Cela faisait 75 ans que la fromagerie l’Etoile du Vercors, propriété de Lactalis, rejette ses eaux polluées dans l’Isère en toute impunité. Lactalis a enfin été condamnée par le Tribunal correctionnel de Grenoble à payer 100 000 euros d’amende. Un premier pas pour les associations environnementales qui souhaitent surtout que les pollutions cessent.
Depuis 1942, la fromagerie Etoile du Vercors déverse en continu 4L/seconde de substances polluantes dans l’Isère, affluent du Sud-Est de la France. Chaque année, ce sont ainsi 200 tonnes d’eaux polluées qui sont rejetés dans le cours d’eau, dont 28 substances chimiques comme l’Hypochlorite de soude 47/50, un extrait de javel très toxique pour les organismes aquatiques, ou encore le PENNGAR NPH, un nettoyant liquide acide oxygéné, utilisé par l’industrie agro-alimentaire pour son action dégraissante et oxydante.

Après un bras de fer juridique, le tribunal correctionnel de Grenoble a donné raison aux associations de protection de l’environnement en condamnant ce lundi 8 avril son propriétaire Lactalis à payer 100 000 euros d’amende, dont 50 000 euros avec sursis, pour « jet ou abandon de déchets dans les eaux superficielles ou souterraines » et à 5 000 euros d’amende pour « exploitation d’une installation classée sans respecter les mesures prescrites par arrêté pour la protection de l’environnement ».
Car derrière ce fromage à l’apparence authentique, qui respire bon le produit du terroir, se cachait bien le géant Lactalis suite au rachat de la fromagerie en 2011, un bel exemple de « craftwashing ». Comme l’explique notre confrère helvète En vert et contre tout, cette technique utilisée par les grands groupes consister à imiter les codes du « fait maison » ou de l’artisanat, voire à carrément racheter des entreprises locales, pour déconstruire l’image négative et industrielle de la grande distribution et des multinationales.

Jouant sur l’aspect traditionnel et sympathique du produit, les fromages de l’Etoile du Vercors cachaient en fait une pollution désastreuse pour l’environnement.

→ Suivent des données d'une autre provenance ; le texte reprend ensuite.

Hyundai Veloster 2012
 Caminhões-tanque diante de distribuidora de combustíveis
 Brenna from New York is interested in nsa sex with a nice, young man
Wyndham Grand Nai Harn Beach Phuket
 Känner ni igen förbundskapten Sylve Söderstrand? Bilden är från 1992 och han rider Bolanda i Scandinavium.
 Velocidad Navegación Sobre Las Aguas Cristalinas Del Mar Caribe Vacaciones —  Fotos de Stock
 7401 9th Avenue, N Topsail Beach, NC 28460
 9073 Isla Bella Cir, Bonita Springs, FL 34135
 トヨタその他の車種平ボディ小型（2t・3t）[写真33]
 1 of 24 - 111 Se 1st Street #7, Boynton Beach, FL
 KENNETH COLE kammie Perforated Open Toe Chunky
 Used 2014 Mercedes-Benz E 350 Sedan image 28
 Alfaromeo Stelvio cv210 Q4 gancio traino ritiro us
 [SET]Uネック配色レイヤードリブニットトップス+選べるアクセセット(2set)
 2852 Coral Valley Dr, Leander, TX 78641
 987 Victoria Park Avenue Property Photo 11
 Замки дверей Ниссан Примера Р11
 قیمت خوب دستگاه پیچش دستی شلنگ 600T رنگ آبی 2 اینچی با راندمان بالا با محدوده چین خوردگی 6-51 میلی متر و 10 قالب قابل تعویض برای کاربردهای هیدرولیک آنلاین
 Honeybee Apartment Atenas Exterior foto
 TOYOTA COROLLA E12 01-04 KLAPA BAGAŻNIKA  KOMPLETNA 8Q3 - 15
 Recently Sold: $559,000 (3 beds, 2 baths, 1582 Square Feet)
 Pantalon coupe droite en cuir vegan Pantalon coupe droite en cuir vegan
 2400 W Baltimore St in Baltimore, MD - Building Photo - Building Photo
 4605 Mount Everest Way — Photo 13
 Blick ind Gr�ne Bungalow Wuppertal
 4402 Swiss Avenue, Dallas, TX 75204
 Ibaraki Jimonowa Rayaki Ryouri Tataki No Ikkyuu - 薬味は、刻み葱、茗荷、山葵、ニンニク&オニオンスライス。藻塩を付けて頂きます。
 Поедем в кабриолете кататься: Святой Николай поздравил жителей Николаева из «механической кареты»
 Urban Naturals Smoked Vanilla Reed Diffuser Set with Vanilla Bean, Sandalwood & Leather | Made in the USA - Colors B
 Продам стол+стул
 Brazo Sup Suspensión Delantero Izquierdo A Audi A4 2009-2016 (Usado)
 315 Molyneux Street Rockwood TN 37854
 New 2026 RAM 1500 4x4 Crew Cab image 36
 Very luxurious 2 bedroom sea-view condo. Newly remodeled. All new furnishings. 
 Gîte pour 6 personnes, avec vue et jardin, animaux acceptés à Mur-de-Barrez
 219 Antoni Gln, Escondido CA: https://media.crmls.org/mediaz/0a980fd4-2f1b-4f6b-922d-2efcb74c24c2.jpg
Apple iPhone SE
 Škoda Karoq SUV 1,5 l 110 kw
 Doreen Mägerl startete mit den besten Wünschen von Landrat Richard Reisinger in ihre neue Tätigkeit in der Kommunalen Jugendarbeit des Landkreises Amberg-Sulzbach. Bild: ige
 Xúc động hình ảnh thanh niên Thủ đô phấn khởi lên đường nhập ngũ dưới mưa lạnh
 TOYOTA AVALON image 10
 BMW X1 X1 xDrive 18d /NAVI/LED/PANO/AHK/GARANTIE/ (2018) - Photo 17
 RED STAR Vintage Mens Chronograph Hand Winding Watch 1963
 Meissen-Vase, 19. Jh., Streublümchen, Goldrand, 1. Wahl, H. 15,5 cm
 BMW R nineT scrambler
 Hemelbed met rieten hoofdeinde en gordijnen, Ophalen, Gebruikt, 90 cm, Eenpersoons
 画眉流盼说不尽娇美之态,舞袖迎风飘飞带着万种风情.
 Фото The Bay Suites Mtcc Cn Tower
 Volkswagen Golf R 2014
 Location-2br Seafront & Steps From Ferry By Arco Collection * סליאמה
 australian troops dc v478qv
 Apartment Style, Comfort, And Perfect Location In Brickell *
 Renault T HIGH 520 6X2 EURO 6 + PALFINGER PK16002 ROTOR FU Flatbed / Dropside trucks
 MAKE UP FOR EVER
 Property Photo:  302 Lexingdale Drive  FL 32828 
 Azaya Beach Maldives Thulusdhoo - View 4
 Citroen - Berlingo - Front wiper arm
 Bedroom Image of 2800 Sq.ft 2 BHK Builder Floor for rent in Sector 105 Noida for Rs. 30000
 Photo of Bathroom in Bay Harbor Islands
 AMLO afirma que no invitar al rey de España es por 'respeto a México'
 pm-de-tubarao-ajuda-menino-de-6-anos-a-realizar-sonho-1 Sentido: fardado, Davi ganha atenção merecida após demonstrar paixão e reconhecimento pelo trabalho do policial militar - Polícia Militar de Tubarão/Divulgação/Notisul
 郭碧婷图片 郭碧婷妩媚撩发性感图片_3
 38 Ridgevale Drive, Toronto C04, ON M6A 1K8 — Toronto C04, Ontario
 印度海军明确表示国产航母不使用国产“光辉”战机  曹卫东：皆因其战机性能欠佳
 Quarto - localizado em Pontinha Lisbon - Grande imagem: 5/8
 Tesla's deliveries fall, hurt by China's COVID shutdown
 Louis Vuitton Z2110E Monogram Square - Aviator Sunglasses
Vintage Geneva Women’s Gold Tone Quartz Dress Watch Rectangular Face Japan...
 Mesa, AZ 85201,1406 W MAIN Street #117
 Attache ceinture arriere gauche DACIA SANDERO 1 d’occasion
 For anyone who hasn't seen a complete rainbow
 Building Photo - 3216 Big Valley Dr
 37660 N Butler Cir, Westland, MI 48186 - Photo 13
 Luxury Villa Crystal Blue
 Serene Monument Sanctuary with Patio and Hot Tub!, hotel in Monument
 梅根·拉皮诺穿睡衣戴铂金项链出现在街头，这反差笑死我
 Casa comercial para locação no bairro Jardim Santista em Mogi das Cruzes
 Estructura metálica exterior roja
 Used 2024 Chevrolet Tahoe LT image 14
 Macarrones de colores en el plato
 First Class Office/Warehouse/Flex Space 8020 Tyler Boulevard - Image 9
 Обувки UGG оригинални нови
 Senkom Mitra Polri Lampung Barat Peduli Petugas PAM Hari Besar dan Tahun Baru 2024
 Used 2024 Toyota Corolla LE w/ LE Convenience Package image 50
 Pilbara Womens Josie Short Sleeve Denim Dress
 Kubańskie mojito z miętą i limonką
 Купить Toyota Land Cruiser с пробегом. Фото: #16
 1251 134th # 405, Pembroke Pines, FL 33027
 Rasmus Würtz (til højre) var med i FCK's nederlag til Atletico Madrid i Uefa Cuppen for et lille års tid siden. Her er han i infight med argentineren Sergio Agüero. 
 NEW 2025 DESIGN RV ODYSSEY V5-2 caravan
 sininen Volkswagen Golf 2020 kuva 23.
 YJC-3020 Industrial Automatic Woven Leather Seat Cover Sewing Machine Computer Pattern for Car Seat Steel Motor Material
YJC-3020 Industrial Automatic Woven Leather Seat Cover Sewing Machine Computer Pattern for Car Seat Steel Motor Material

Lactalis devra aussi dédommager 55 000 € à l’ensemble des parties civiles pour les préjudices subis, dont France Nature Environnement et la FRAPNA Isère. Pour les associations plaignantes, cette première victoire est un soulagement, mais n’est malheureusement pas à la hauteur des 500 000€ d’amende souhaités pour faire de cette condamnation un exemple dissuasif auprès d’autres industriels polluants.
« C’est à la fois une victoire et un constat d’échec, car si la justice et ses répercussions médiatiques semblent pouvoir inciter ce géant du monde économique à enfin respecter la réglementation environnementale, la pollution n’a pour l’heure pas cessé. Ce groupe industriel préfère-t-il payer des amendes pour pollution, plutôt que de se mettre en règle ? Lactalis a les moyens de prendre les mesures qu’il faut dès demain pour arrêter de polluer ce cours d’eau et il faut le faire savoir ! », explique Anne Roques, juriste à France Nature Environnement.
Plutôt que de se rallier à la station d’épuration locale, bien plus logique en termes d’économies de ressources, la fromagerie « L’Etoile du Vercors » s’est battue avec le maire de Saint-Just-de-Claix, Joël O’Baton, pour construire sa propre station d’épuration. De guerre lasse, l’élu a finalement cédé début avril face à la pression des services de l’Etat. Pour l’instant, les rejets toxiques continuent. Lactalis a jusqu’au 28 septembre 2019 pour les arrêter définitivement.